For this exercise, transcribe all the records below exactly.

------ Data ------

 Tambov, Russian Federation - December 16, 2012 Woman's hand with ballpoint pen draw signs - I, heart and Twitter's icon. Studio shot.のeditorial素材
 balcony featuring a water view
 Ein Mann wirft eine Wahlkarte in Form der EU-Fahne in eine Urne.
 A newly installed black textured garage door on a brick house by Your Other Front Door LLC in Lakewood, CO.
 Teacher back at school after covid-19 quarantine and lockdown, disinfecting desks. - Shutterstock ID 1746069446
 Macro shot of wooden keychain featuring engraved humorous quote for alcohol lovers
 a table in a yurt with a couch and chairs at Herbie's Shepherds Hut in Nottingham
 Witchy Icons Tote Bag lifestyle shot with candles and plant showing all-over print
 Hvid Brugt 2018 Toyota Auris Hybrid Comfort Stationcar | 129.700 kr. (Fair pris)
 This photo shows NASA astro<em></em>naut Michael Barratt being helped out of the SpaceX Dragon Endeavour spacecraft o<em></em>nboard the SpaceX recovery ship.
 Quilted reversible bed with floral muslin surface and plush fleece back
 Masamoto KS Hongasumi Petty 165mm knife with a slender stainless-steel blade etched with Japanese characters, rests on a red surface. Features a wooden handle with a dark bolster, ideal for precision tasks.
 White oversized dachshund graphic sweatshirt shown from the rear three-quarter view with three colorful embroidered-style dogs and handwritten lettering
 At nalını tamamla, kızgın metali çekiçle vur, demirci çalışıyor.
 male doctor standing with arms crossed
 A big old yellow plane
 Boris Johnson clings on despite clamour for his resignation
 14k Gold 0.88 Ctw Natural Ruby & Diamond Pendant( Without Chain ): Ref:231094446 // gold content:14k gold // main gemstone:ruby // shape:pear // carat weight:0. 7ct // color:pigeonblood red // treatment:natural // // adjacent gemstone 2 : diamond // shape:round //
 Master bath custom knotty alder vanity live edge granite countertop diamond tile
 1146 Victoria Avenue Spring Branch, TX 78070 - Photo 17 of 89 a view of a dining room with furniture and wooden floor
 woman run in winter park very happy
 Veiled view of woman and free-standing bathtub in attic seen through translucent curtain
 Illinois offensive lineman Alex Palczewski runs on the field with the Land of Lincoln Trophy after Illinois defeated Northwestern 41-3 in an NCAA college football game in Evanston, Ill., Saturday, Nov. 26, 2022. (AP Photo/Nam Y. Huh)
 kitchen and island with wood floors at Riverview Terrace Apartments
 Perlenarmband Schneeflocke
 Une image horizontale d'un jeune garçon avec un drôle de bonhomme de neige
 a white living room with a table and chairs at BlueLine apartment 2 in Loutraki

------

**Answer section:**
 Tambov, Russian Federation - December 16, 2012 Woman's hand with ballpoint pen draw signs - I, heart and Twitter's icon. Studio shot.のeditorial素材
 balcony featuring a water view
 Ein Mann wirft eine Wahlkarte in Form der EU-Fahne in eine Urne.
 A newly installed black textured garage door on a brick house by Your Other Front Door LLC in Lakewood, CO.
 Teacher back at school after covid-19 quarantine and lockdown, disinfecting desks. - Shutterstock ID 1746069446
 Macro shot of wooden keychain featuring engraved humorous quote for alcohol lovers
 a table in a yurt with a couch and chairs at Herbie's Shepherds Hut in Nottingham
 Witchy Icons Tote Bag lifestyle shot with candles and plant showing all-over print
 Hvid Brugt 2018 Toyota Auris Hybrid Comfort Stationcar | 129.700 kr. (Fair pris)
 This photo shows NASA astro<em></em>naut Michael Barratt being helped out of the SpaceX Dragon Endeavour spacecraft o<em></em>nboard the SpaceX recovery ship.
 Quilted reversible bed with floral muslin surface and plush fleece back
 Masamoto KS Hongasumi Petty 165mm knife with a slender stainless-steel blade etched with Japanese characters, rests on a red surface. Features a wooden handle with a dark bolster, ideal for precision tasks.
 White oversized dachshund graphic sweatshirt shown from the rear three-quarter view with three colorful embroidered-style dogs and handwritten lettering
 At nalını tamamla, kızgın metali çekiçle vur, demirci çalışıyor.
 male doctor standing with arms crossed
 A big old yellow plane
 Boris Johnson clings on despite clamour for his resignation
 14k Gold 0.88 Ctw Natural Ruby & Diamond Pendant( Without Chain ): Ref:231094446 // gold content:14k gold // main gemstone:ruby // shape:pear // carat weight:0. 7ct // color:pigeonblood red // treatment:natural // // adjacent gemstone 2 : diamond // shape:round //
 Master bath custom knotty alder vanity live edge granite countertop diamond tile
 1146 Victoria Avenue Spring Branch, TX 78070 - Photo 17 of 89 a view of a dining room with furniture and wooden floor
 woman run in winter park very happy
 Veiled view of woman and free-standing bathtub in attic seen through translucent curtain
 Illinois offensive lineman Alex Palczewski runs on the field with the Land of Lincoln Trophy after Illinois defeated Northwestern 41-3 in an NCAA college football game in Evanston, Ill., Saturday, Nov. 26, 2022. (AP Photo/Nam Y. Huh)
 kitchen and island with wood floors at Riverview Terrace Apartments
 Perlenarmband Schneeflocke
 Une image horizontale d'un jeune garçon avec un drôle de bonhomme de neige
 a white living room with a table and chairs at BlueLine apartment 2 in Loutraki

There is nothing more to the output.